Without sourcing the script and without making this a shell procedure, is there any way to type ./script.sh foo result in the shell I am using be in the directory /home/myName/foo?

  • Why/how are you getting the > $PS2 prompt there? In any case, no. You cannot change the parent's current working directory from the child context, and the parent calls a child shell to read the script. When you source the script instead the parent reads it rather than calling the child and so changes its own directory. If you want the parent to CD in response to some message or signal from the child you'll have to construct the format yourself. – mikeserv Jan 20 '16 at 17:11
  • @mikeserv I just shortened the output, that's not a straight copy and paste. I will make a note in the question in case it's relevant. Also, what do you mean by "construct the format yourself"? I'm pretty inexperienced with bash and not sure what you're getting at. – Captain Man Jan 20 '16 at 18:11
  • Basically you'll need to talk between the processes with a pipe or kill signal or whatever. So you'll need some to construct some means of passing information to and from and the protocol is all yours to develop. Its doable, but its not done. – mikeserv Jan 20 '16 at 18:13
  • @mikeserv That sounds pretty involved. Wouldn't that mean making a custom bash that could handle this protocol making the script not portable? – Captain Man Jan 20 '16 at 18:23
  • not as such.. Just reading, writing, and testing value of strings written/read. there is an example already posted, in fact – mikeserv Jan 20 '16 at 18:25
2

No, because when you invoke a script as ./script.sh foo, it starts a subshell to run the script in for you. When that subshell exits, you're placed back in to the directory you were in when you started that script. You can counterfeit this behavior, though, by using a script that does something like this:

#!/bin/bash
cd $1
bash

This will put you into a subshell after changing directories, which you then have to exit to get back to your original shell.

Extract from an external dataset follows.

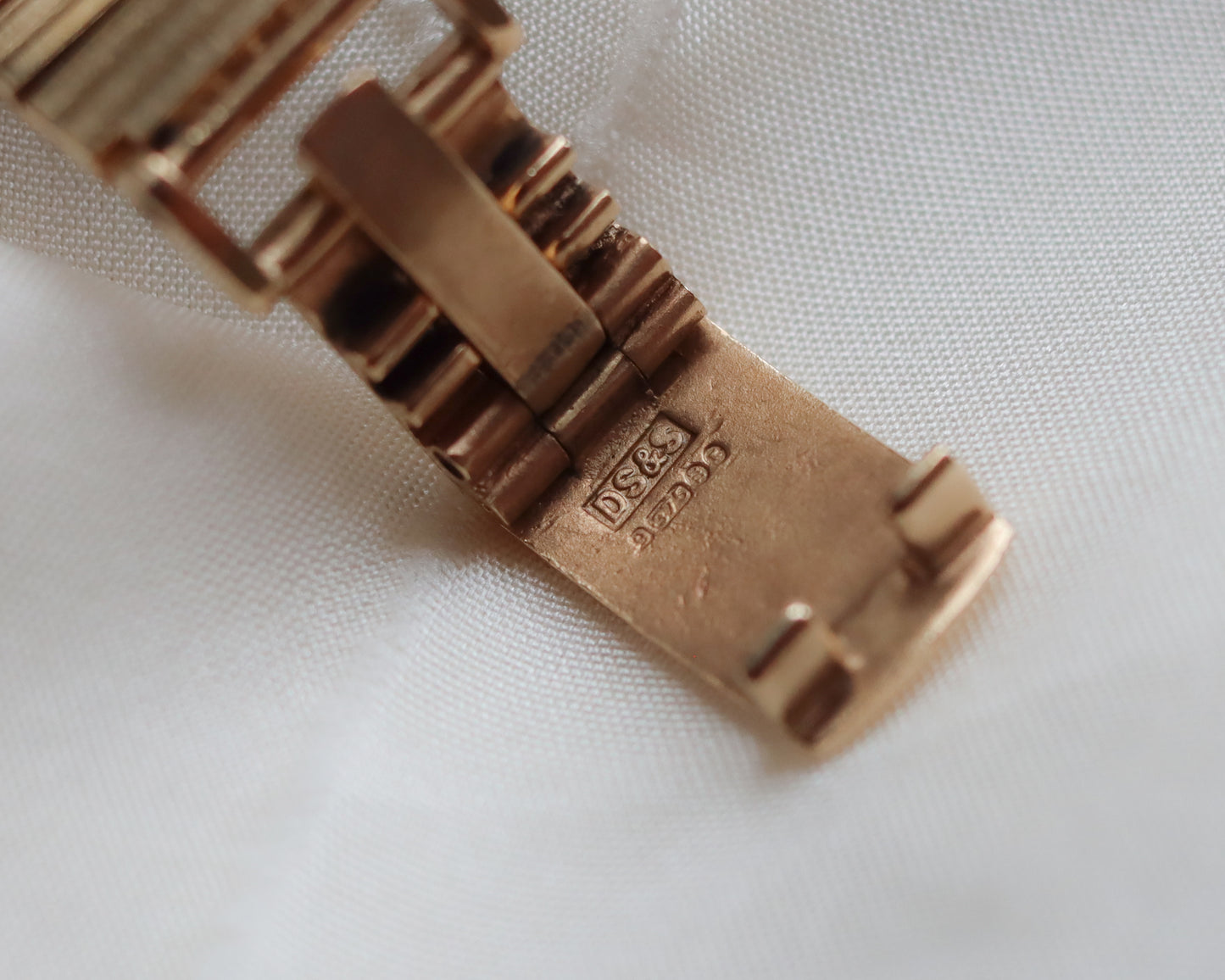 Beautiful 9ct gold Omega watch from 1966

If you instead make the last line:

exec bash

You will not have to exit the new shell, because the new shell will replace the old shell. Doing this does, however, remain an ugly hack (IMHO).

  • Somehow this works... Weird. I'd really rather not have to do an exit everytime after I run this. (Note: I didn't downvote) – Captain Man Jan 20 '16 at 18:17
  • Change it to exec bash – Jeff Schaller Jan 21 '16 at 1:11
  • Is there a way to make this shell agnostic? – Captain Man Mar 7 '16 at 18:18
  • @Captain Man: instead of bash use $SHELL. Btw the problem with this solution is that it spawn a subshell every time the script is executed, so you may end up wasting a lot of memory. – eadmaster May 21 '16 at 2:44
2

The simple answer is no - that's impossible.

But, if you are desperate, you may find some workarounds.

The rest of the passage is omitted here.